How to complete this task.
Write the data out again, character for character, with no images.

Raw data.
=-=-=-=-=
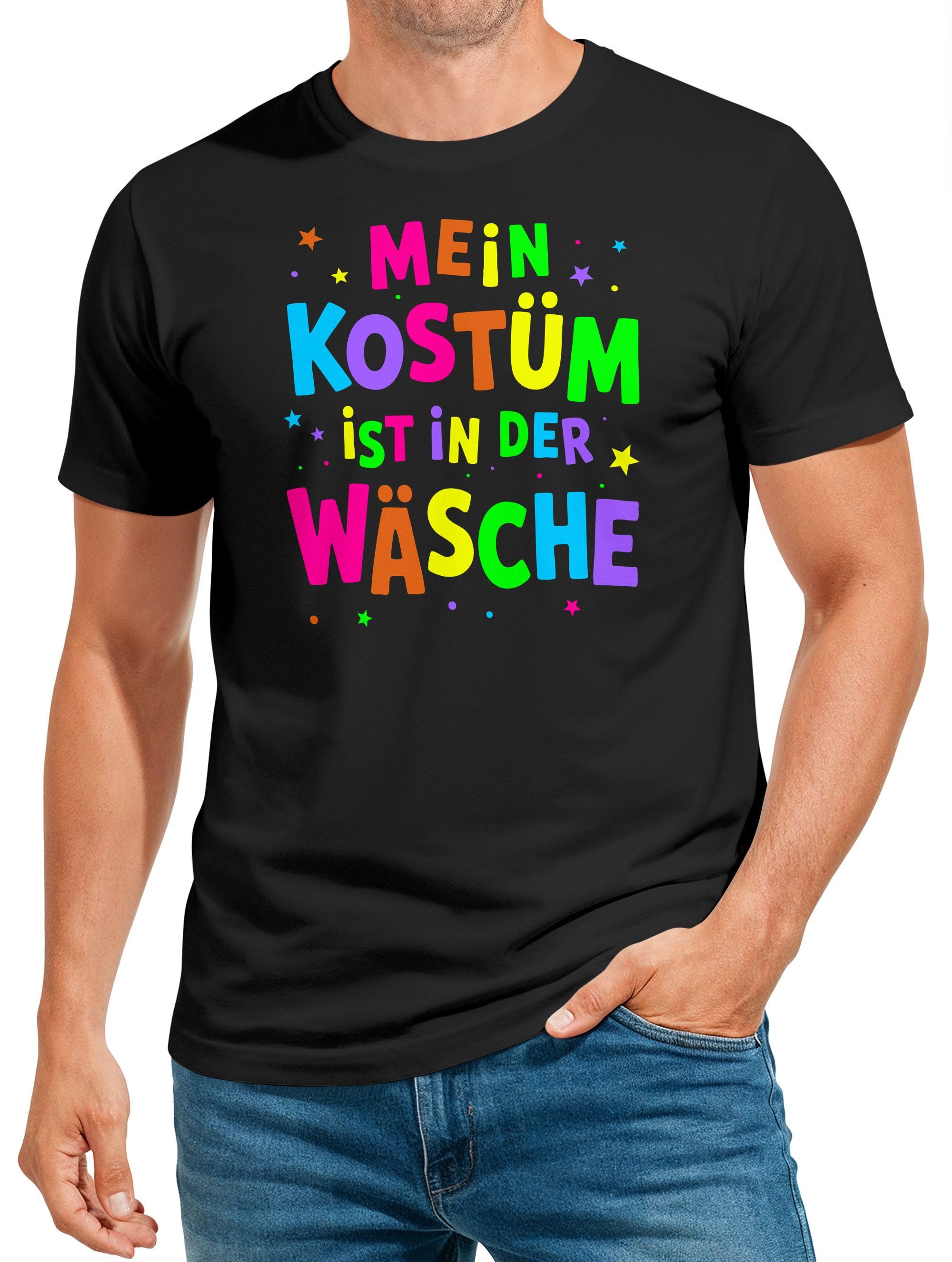 MoonWorks Print-Shirt Herren T-Shirt Anti Fasching Karneval Spruch - Mein Kostüm ist in der mit Print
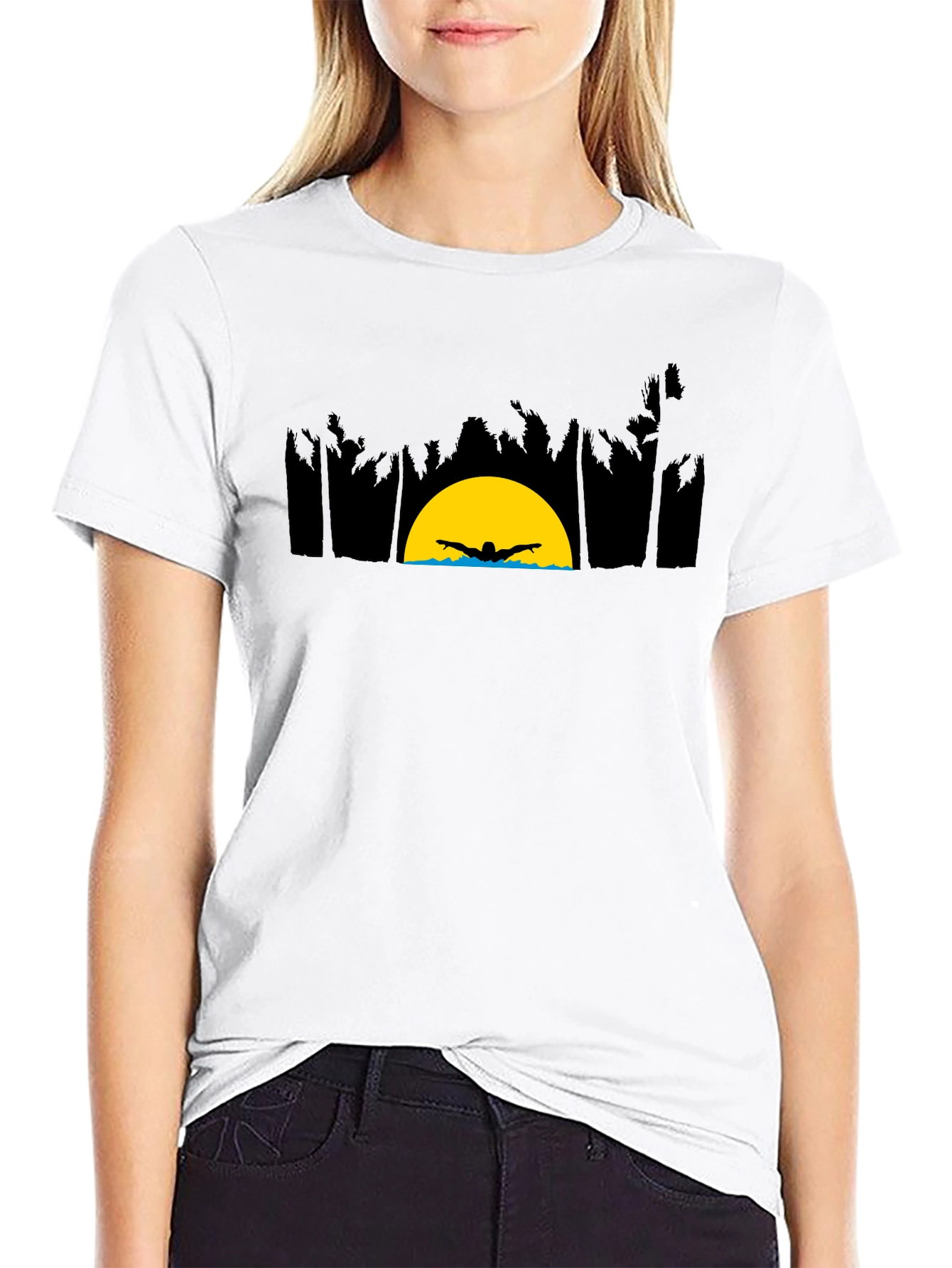 Sunset Swimmer Graphic Tee - Relaxed Fit Black T-Shirt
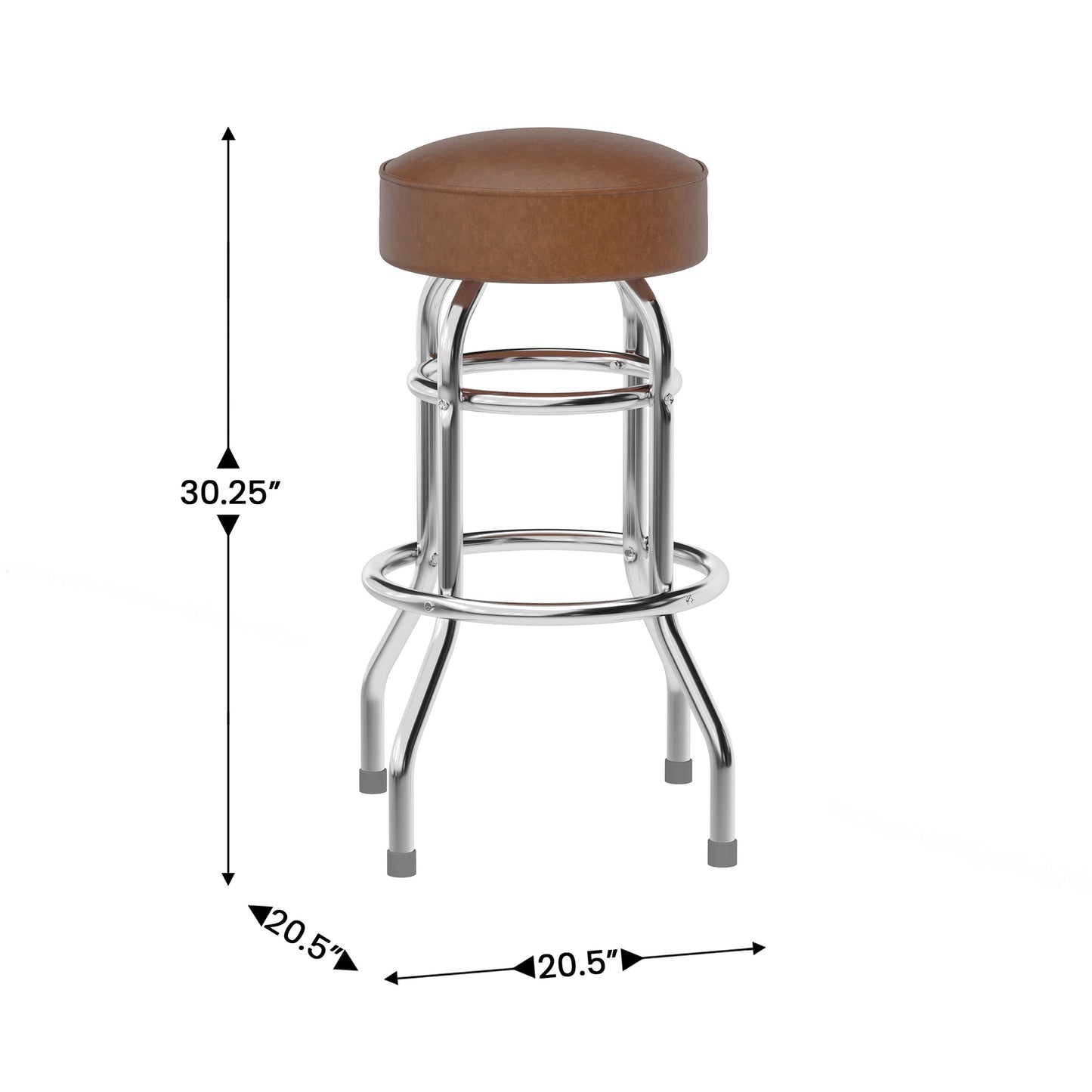 Bruno Double Ring Chrome Barstool with Weathered Brown Seat Weathered Brown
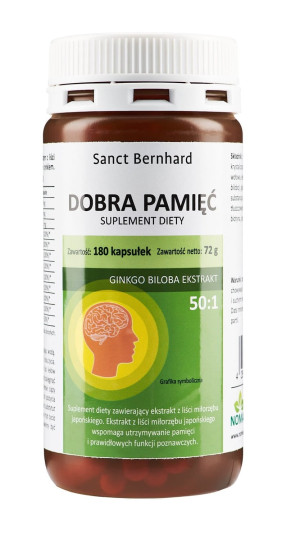 Dobra pamięć 180 kapsułek Sanct Bernhard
=-=-=-=-=
Your solution.
 MoonWorks Print-Shirt Herren T-Shirt Anti Fasching Karneval Spruch - Mein Kostüm ist in der mit Print
 Sunset Swimmer Graphic Tee - Relaxed Fit Black T-Shirt
 Bruno Double Ring Chrome Barstool with Weathered Brown Seat Weathered Brown
 Dobra pamięć 180 kapsułek Sanct Bernhard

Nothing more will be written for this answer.